Toyota, Asia's biggest carmaker, canceled overtime shifts planned for this week at plants in North America, and Ford suspended output in Thailand because of parts-supply shortages, the companies said separately yesterday. Shipments of PCs may drop, leading to lower prices for memory chips, if supply-chain disruptions from Thailand's worst floods in half a century last into 2012, Ichon, South Korea-based Hynix said today. Output losses from the floods that have inundated about 10,000 factories are spreading beyond Thailand as supplies of components for cars and computers are disrupted.
Operating profit at Toyota may be reduced by 125 billion yen ($1.6 billion) as plant closures cut production by 250,000 vehicles through Nov. 20, analysts at Credit Suisse Group AG led by Kunihiko Shiohara said in a report dated yesterday. "Difficulties securing electronic components are likely to have increasingly significant impacts," Credit Suisse said in the report.
Toyota's overtime cancellations will affect auto-assembly plants in Indiana, Kentucky and Canada and an engine factory in West Virginia, the Toyota City, Japan-based company said. The automaker is working to restock U.S. dealers after Japan's record earthquake and tsunami in March cut production, and has said it will operate North American plants with overtime shifts for the remainder of 2011 to rebuild vehicle inventory.
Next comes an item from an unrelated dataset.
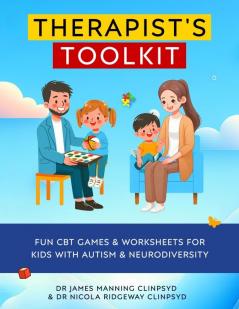 Therapist's Toolkit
Ford production Ford may lose production of 30,000 vehicles, Lewis Booth, chief financial officer at the Dearborn, Michigan-based carmaker, said yesterday on an earnings conference call. "Although our vehicle assembly plant is not affected, a number of our suppliers are," Booth said on the call. "We are working closely with our affected suppliers to return to production as quickly as possible."
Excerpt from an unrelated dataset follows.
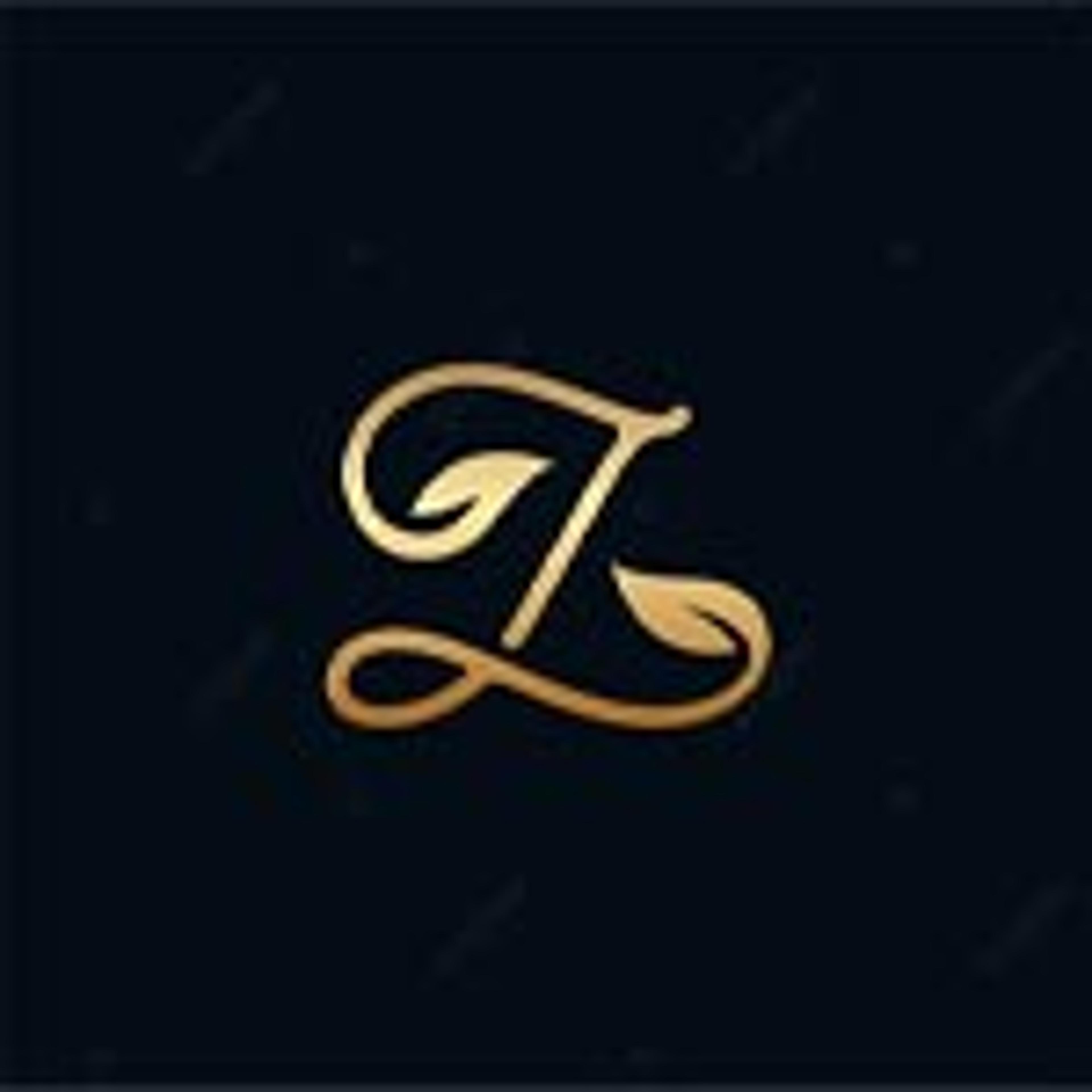 Seller profile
The floods may cause about 140 billion baht ($4.6 billion) of damage to manufacturers in seven industrial estates, Chantra Purnariksha, secretary-general of the Office of Insurance Commission, told reporters in Bangkok yesterday. Thailand's economy will grow less than 3 percent this year, damped by the effects of the disaster, central bank Governor Prasarn Trairatvorakul said Oct. 25.
Bangkok threatened Water as deep as 3 meters in some places is leaking through levees north of Bangkok, and Prime Minister Yingluck Shinawatra warned today it may take up to a month before it drains into the Gulf of Thailand, south of the capital. All of Bangkok's districts may be flooded, depending on their elevation, she said. The city's flood defenses won't be able to keep out the massive flow of water, said Pracha Promnog, who heads the government's flood relief operations. "The flooding is beyond our control now," Pracha told reporters in Bangkok. Japanese automakers are losing production of about 6,000 cars a day because of the floods, the Japan Automobile Manufacturers Association said Oct. 20.
Toyota halted output in Thailand on Oct. 11, and production has also been affected in Indonesia, Vietnam, the Philippines and Japan. The company said production of about 6,000 vehicles, including the Prius hybrid, could be affected by reduced output at four domestic plants.
Honda closures Honda Motor Co., Japan's third-largest carmaker, closed plants in Thailand and Malaysia after a factory in Thailand was flooded. Nissan Motor Co., Japan's second-largest automaker, has closed its Thai factory, citing parts shortages. Honda's global market share may continue to decline as it was the automaker most affected by the flood's and Japan's March earthquake, Moody's Investors Service said on Oct. 24. The Tokyo-based carmaker will postpone introducing its Life Diva minicar in Japan after the Thai floods delayed delivery of aluminum wheels for the model, Honda said this week.